Content starts

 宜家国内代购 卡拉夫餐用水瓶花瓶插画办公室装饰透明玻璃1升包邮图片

Content ends
Content starts

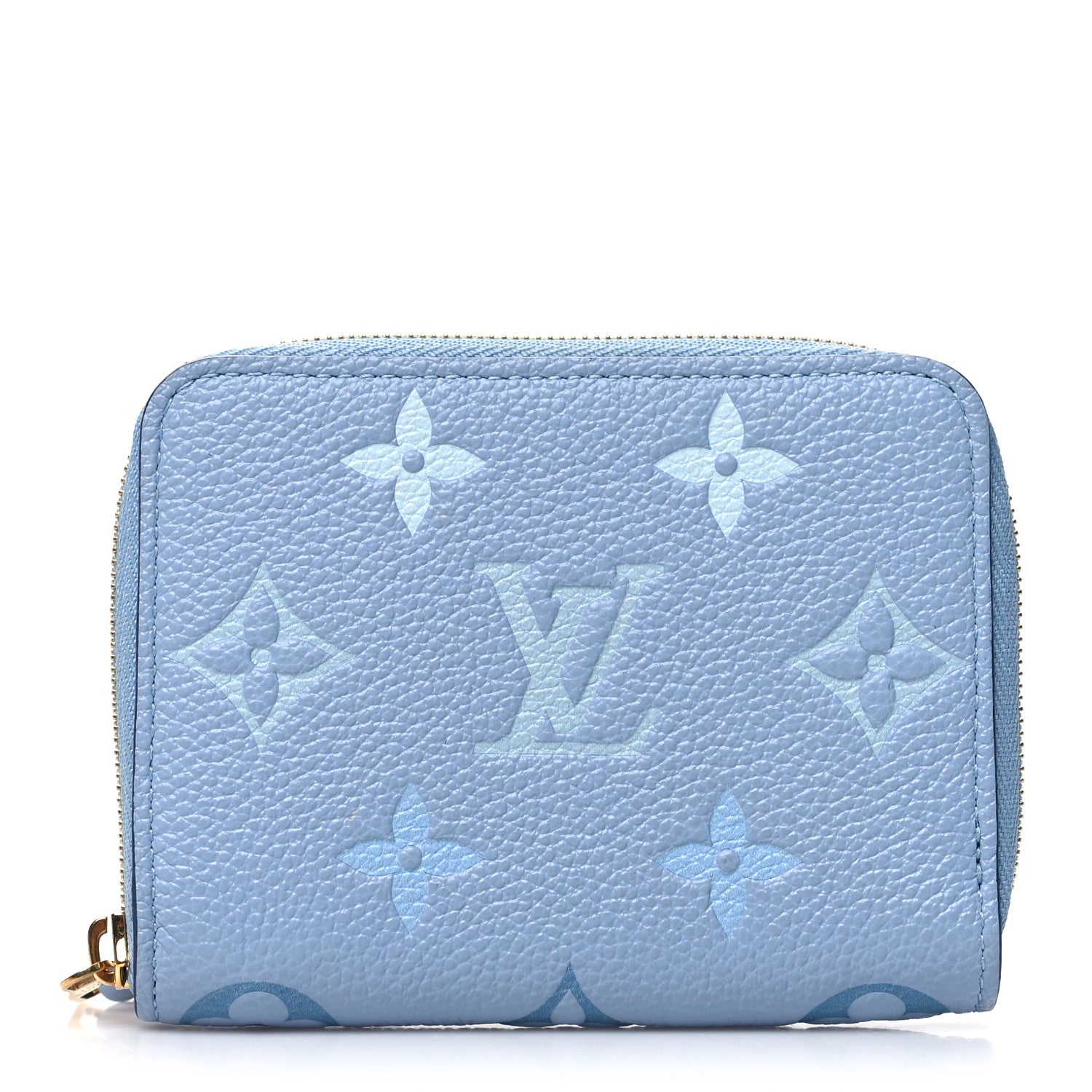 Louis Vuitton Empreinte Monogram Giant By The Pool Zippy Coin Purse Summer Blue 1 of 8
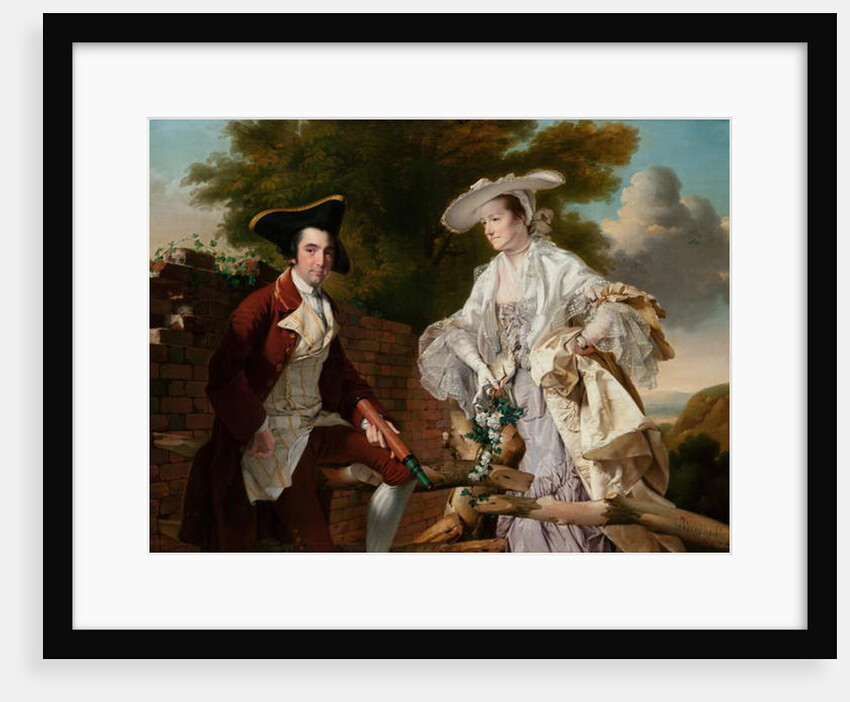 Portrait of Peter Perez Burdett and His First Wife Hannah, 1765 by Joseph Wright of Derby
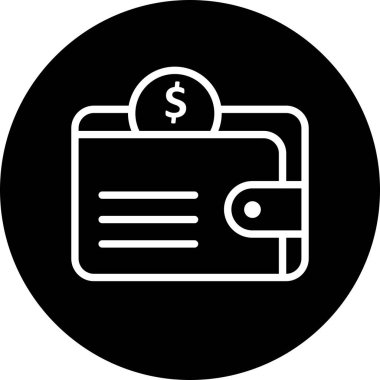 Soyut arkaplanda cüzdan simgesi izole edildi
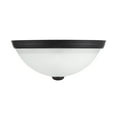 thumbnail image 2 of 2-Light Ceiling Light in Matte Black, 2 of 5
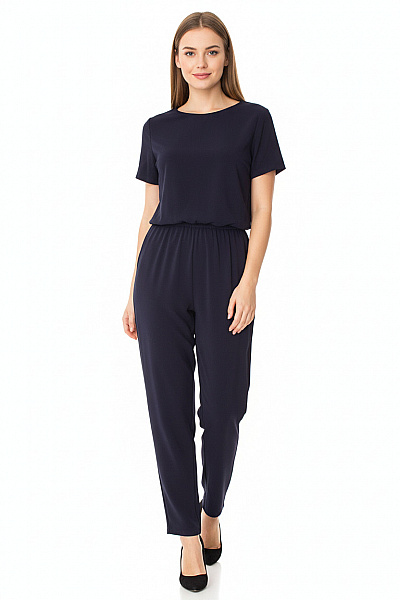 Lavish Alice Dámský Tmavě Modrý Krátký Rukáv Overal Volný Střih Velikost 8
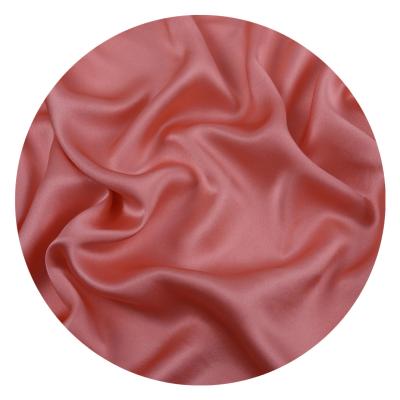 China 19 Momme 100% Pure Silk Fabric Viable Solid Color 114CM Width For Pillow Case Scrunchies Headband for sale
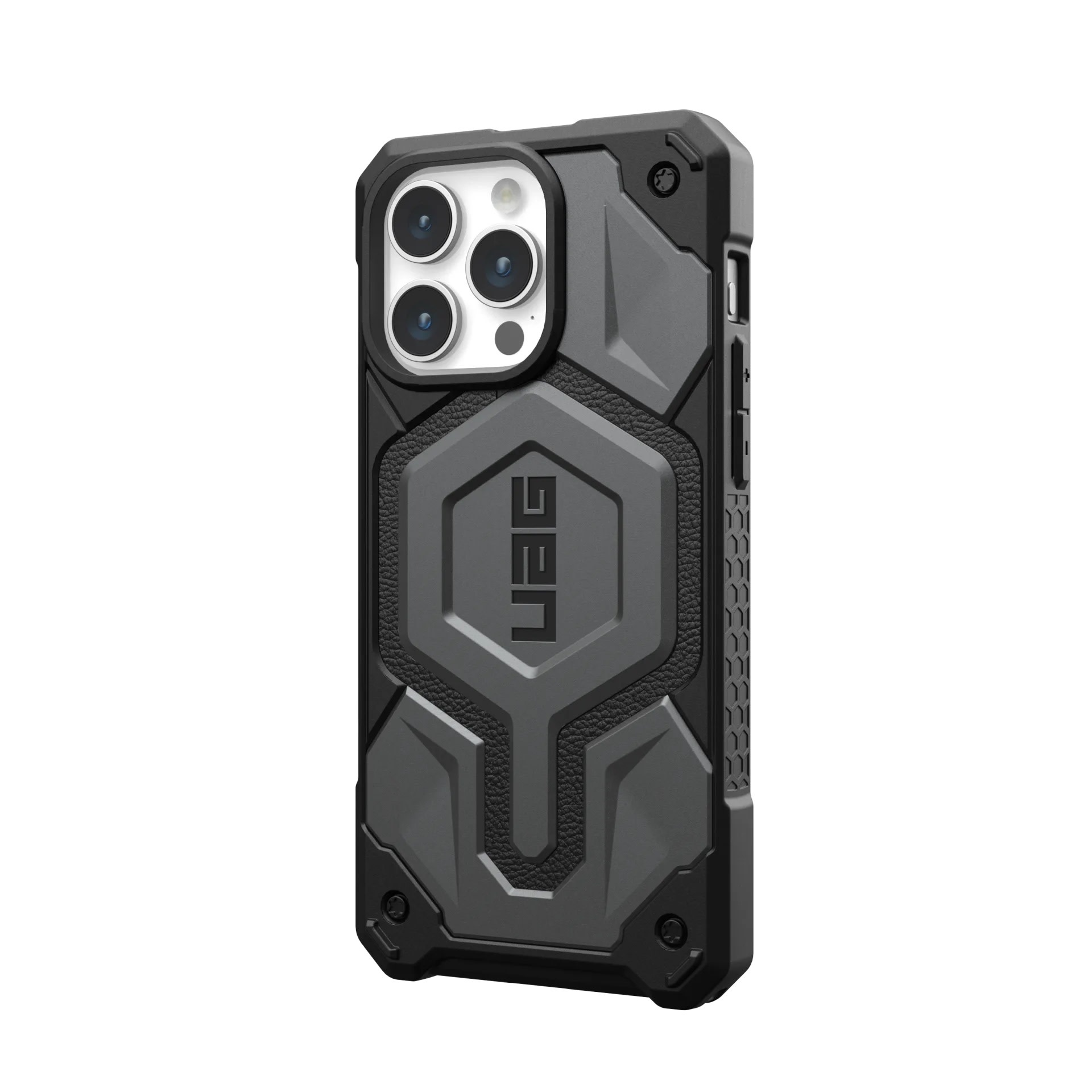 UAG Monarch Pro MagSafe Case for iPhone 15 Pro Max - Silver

Content ends

Exercise aim:
Using the entries above, transcribe exactly from the line that has "Portrait of Peter" through the line that has "UAG Monarch Pro". Pictures are dropped.

Answer to this exercise:
 Portrait of Peter Perez Burdett and His First Wife Hannah, 1765 by Joseph Wright of Derby
 Soyut arkaplanda cüzdan simgesi izole edildi
 thumbnail image 2 of 2-Light Ceiling Light in Matte Black, 2 of 5
 Lavish Alice Dámský Tmavě Modrý Krátký Rukáv Overal Volný Střih Velikost 8
 China 19 Momme 100% Pure Silk Fabric Viable Solid Color 114CM Width For Pillow Case Scrunchies Headband for sale
 UAG Monarch Pro MagSafe Case for iPhone 15 Pro Max - Silver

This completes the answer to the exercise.